A recent New York Times article caused a stir because it revealed the fact that elite colleges are doing an abysmal job at recruiting talented low-income students to apply and attend the nations best universities and colleges.

This summer the U.S. Supreme Court will rule on the University of Texas case where a white woman claims she was denied admission based upon her race – she has since graduated from LSU.

Does America have ‘diversity fatigue’?

The combination of this important socio-economic data, an oft mis-interpreted concept referred to as “mismatch,” and the ominous specter of ‘diversity fatigue’ in our nation’s public discourse and praxis have created a moment within which race-based affirmative action has become more and more unpopular.

We might first remember that affirmative action has never been very popular – mostly because it is profoundly misunderstood both in terms of its purpose (to address historically persistent racial inequality) and in terms of its impact. It aids the ascension of white women and the admission of a range of other under-represented minorities into universities and the workplace, but gaps in income, under-representation in institutional leadership positions, and over-representation in the criminal justice system continue to be a persistent factor of American life for African-Americans.
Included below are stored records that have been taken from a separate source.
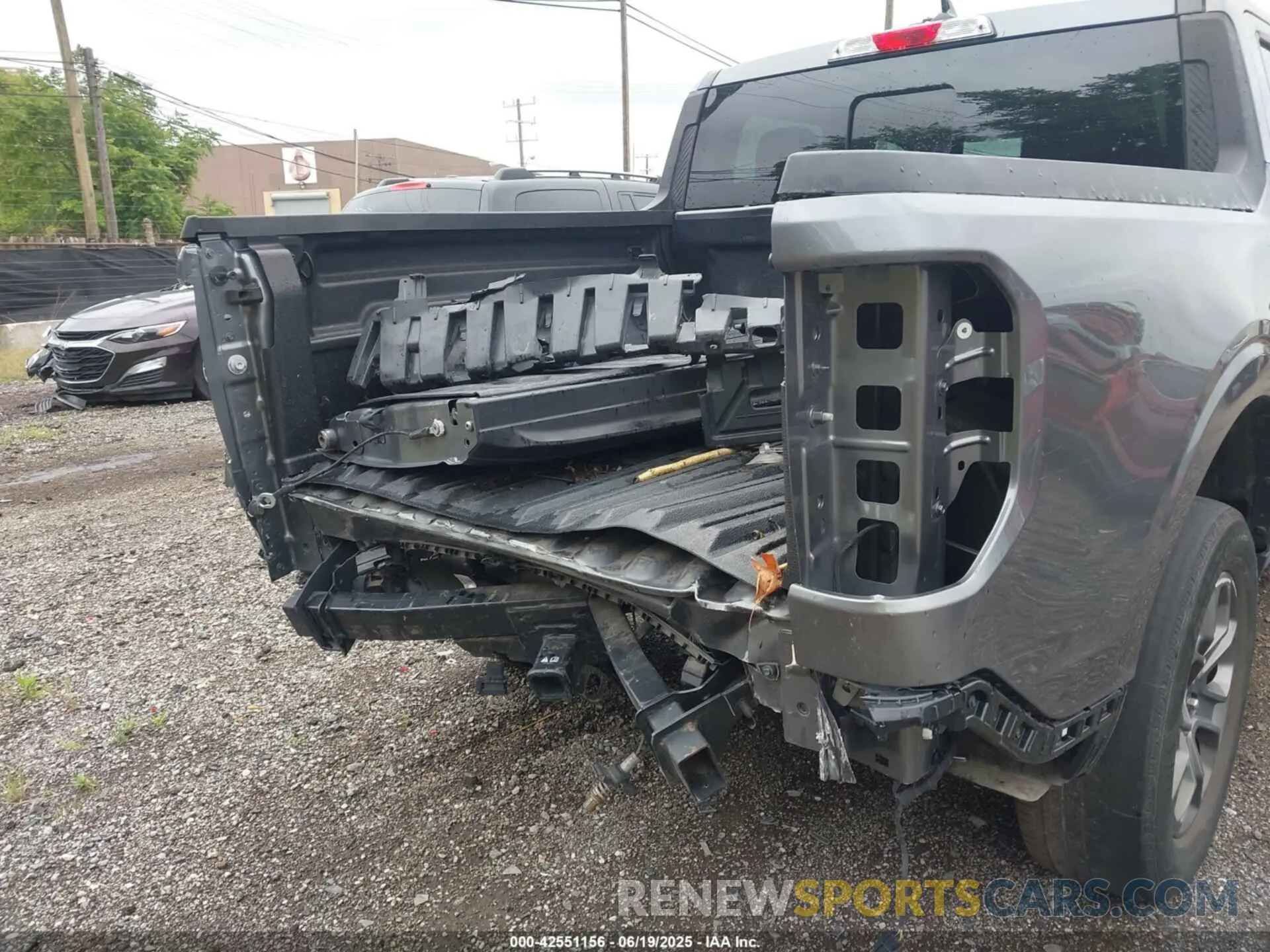 17 Photograph of a damaged car 3FTTW8E91NRA77453 FORD MAVERICK 2022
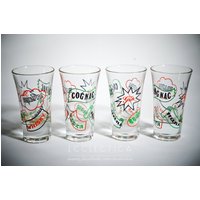 Kitsch Set X 4 Retro 70Er Jahre Feines Glas Likör Schnapsgläser Mit Spirituosenmotiven Kitsch Set X 4 Retro 70Er Jahre Feines Glas Likör Schnapsgläser Mit Spirituosenmotiven von ECCLECCTICA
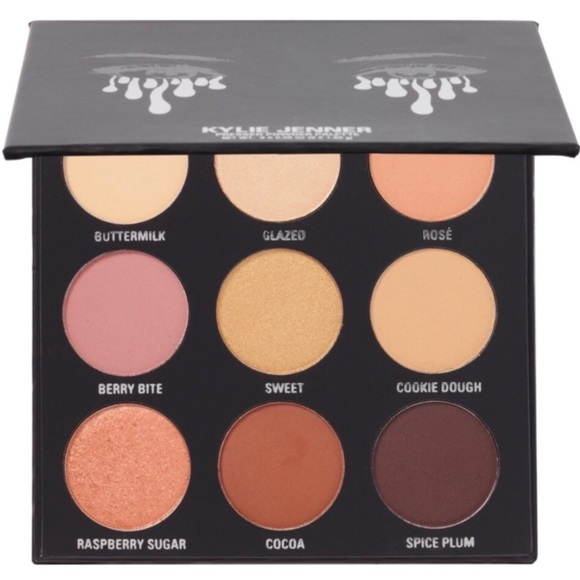 🎉HP🎉 Kylie The Sorta Sweet Eyeshadow Palette - Picture 2 of 13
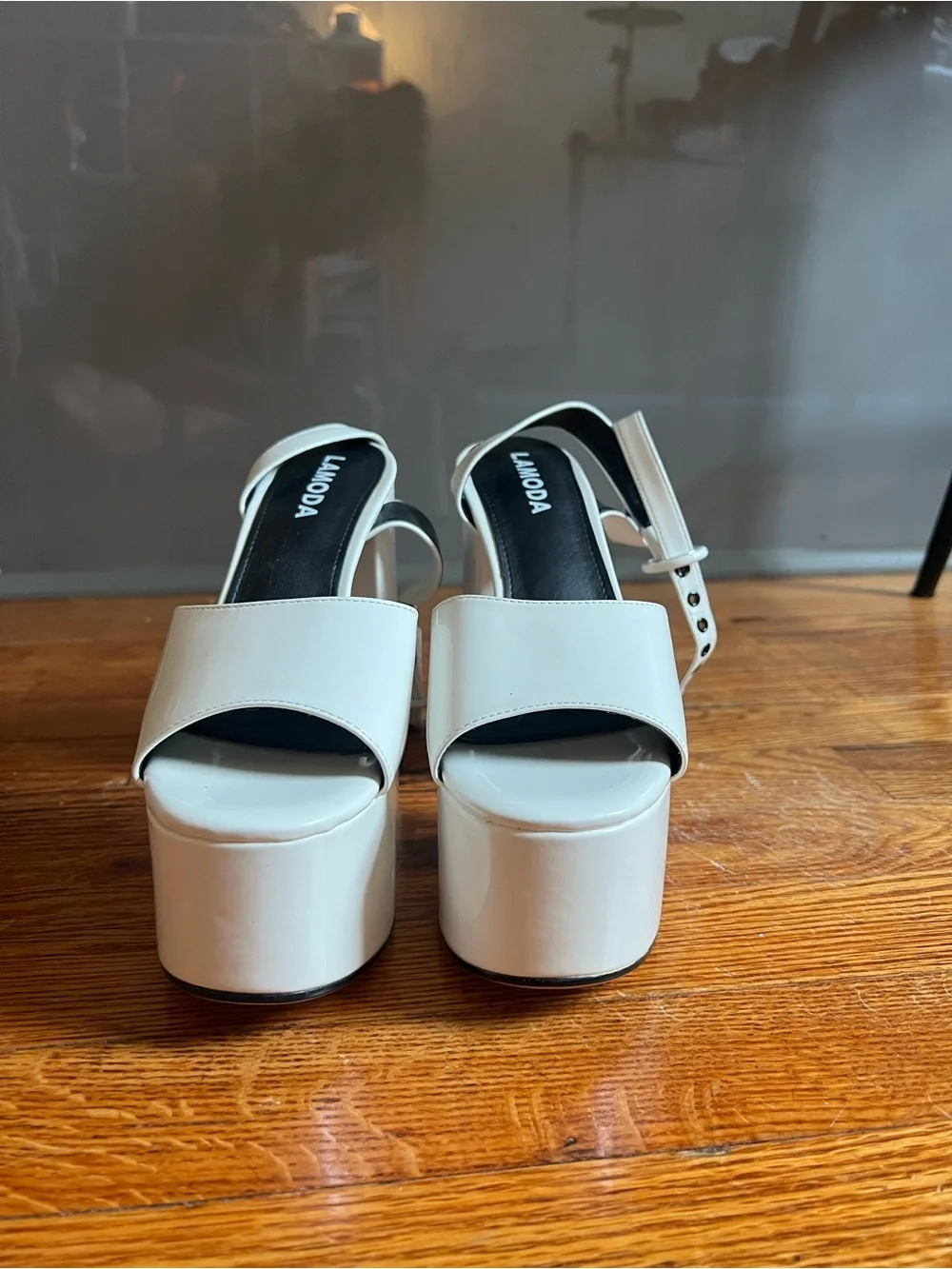 Lamoda Pure Chick Flick Patent Heels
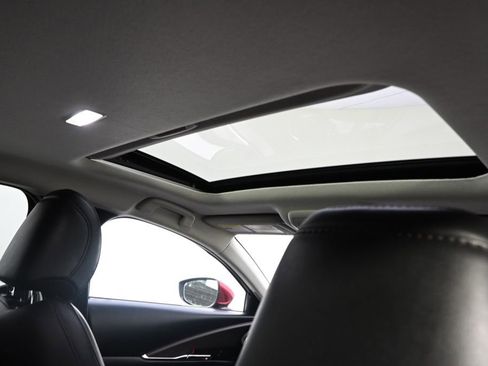 Used 2021 MAZDA CX-30 AWD 2.5 S w/ Premium Package image 17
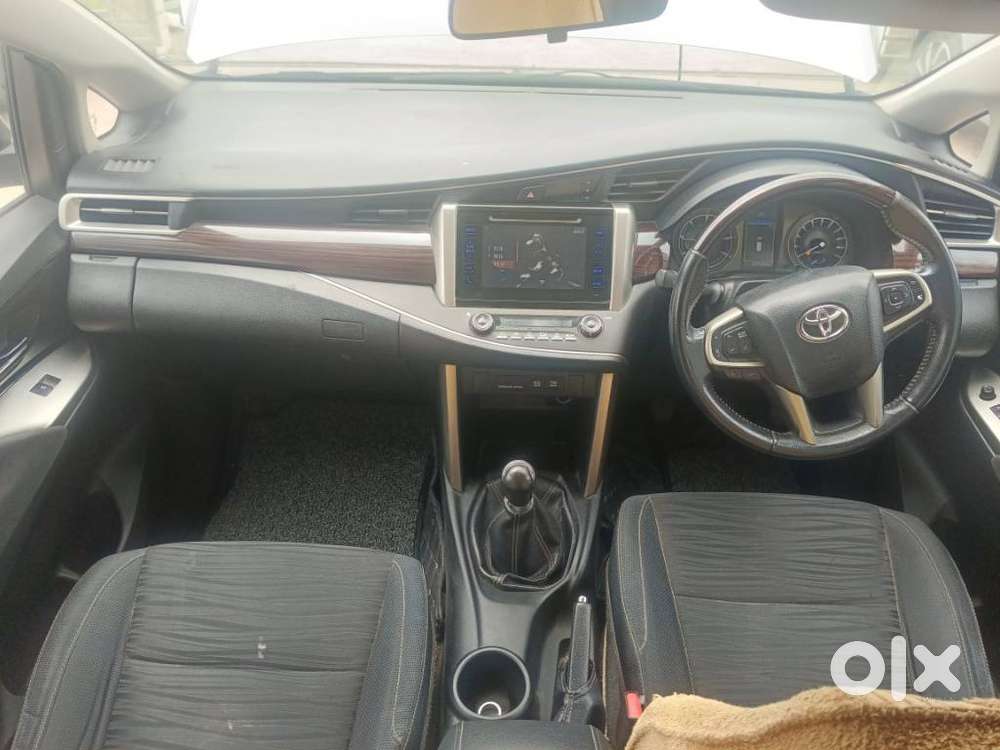 Toyota Innova Crysta 2.4 V, 2017, Diesel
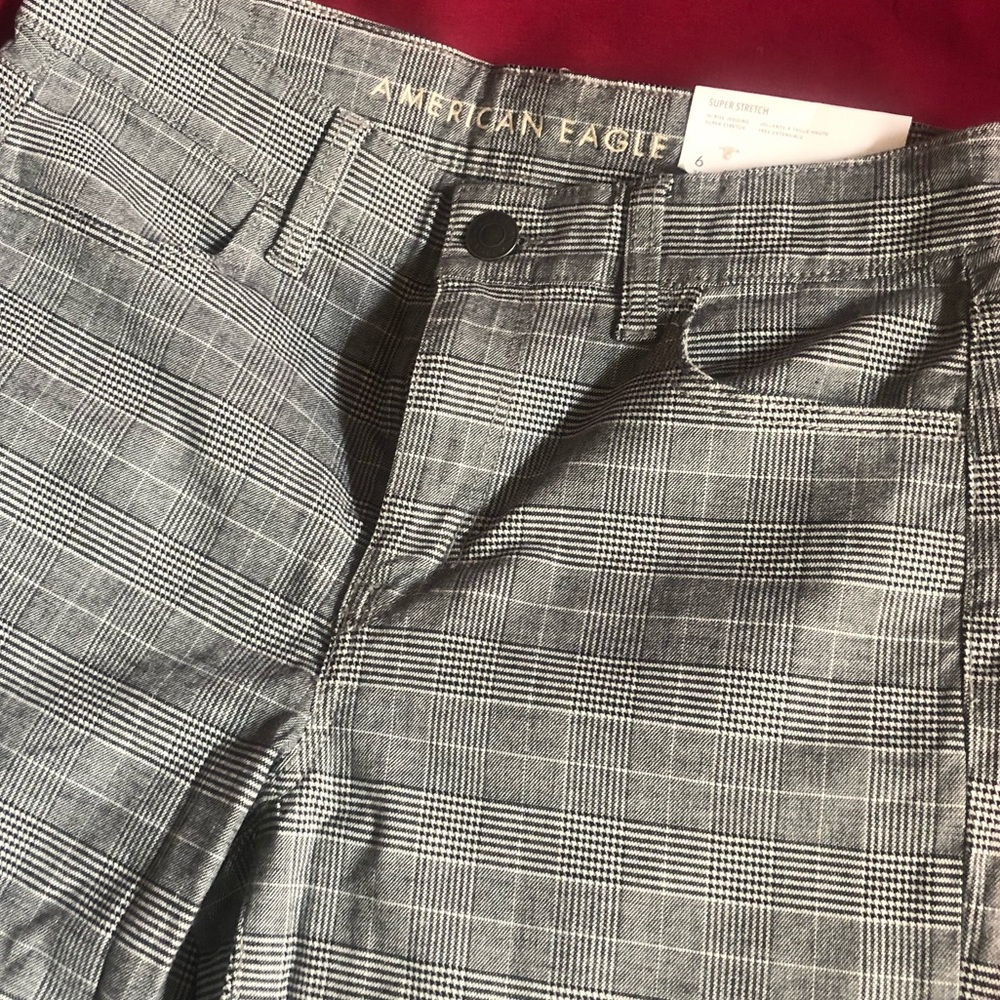 Brand new American Eagle  patterned Jegging Pants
‘Diversity fatigue,’ the idea that people, institutions and corporations are simply tired of talking about and wrestling with issues of diversity, is little more than a cop out.  Some people (and too many corporations) are likely tired of talking about equality and equity but that in and of itself is no reason to end the movements designed to achieve either/both.

Being tired doesn’t mean the job is done

And speaking of either/both, no one has made a compelling case as to why socio-economic status has to eclipse race-based affirmative action in the policies designed to achieve equality.  Given the imbrication of race and socio-economic status, the most prudent innovation of equality and equity measures should be working towards considering these factors in tandem – not one over the other.

Who exactly is fatigued and why?  The effort to make our society equal; to petition the government and all of America’s institutions to reflect and represent the society in which we all live, has been a burden borne mostly by those demanding equality – not by those who have been granted the arbitrary privilege of full access. Being tired does not mean that the job is done.

Prop 209 in California, which was passed via superb lobbying efforts and the real effects of diversity fatigue in one of the nations most diverse states, saw a marked decline in the matriculation of black and Latino students in state schools – especially the best schools in the state system, Berkeley and UCLA.  Even though the numbers of blacks and Latinos in the California system has started to recover, the percentages of black students has not reached the pre-Prop 209 levels.

Race-based solutions need to be more robust

Most of the arguments against race-based affirmative action are buoyed by the presence of the first black president of the United States and a regularly cited study by Stuart Taylor and Richard Sander entitled “Mismatch.”  Sander and Taylor’s research suggests that affirmative action places under-qualified black students in law schools within which they ultimately do not succeed thereby reducing the number of black lawyers because those students drop out of law school.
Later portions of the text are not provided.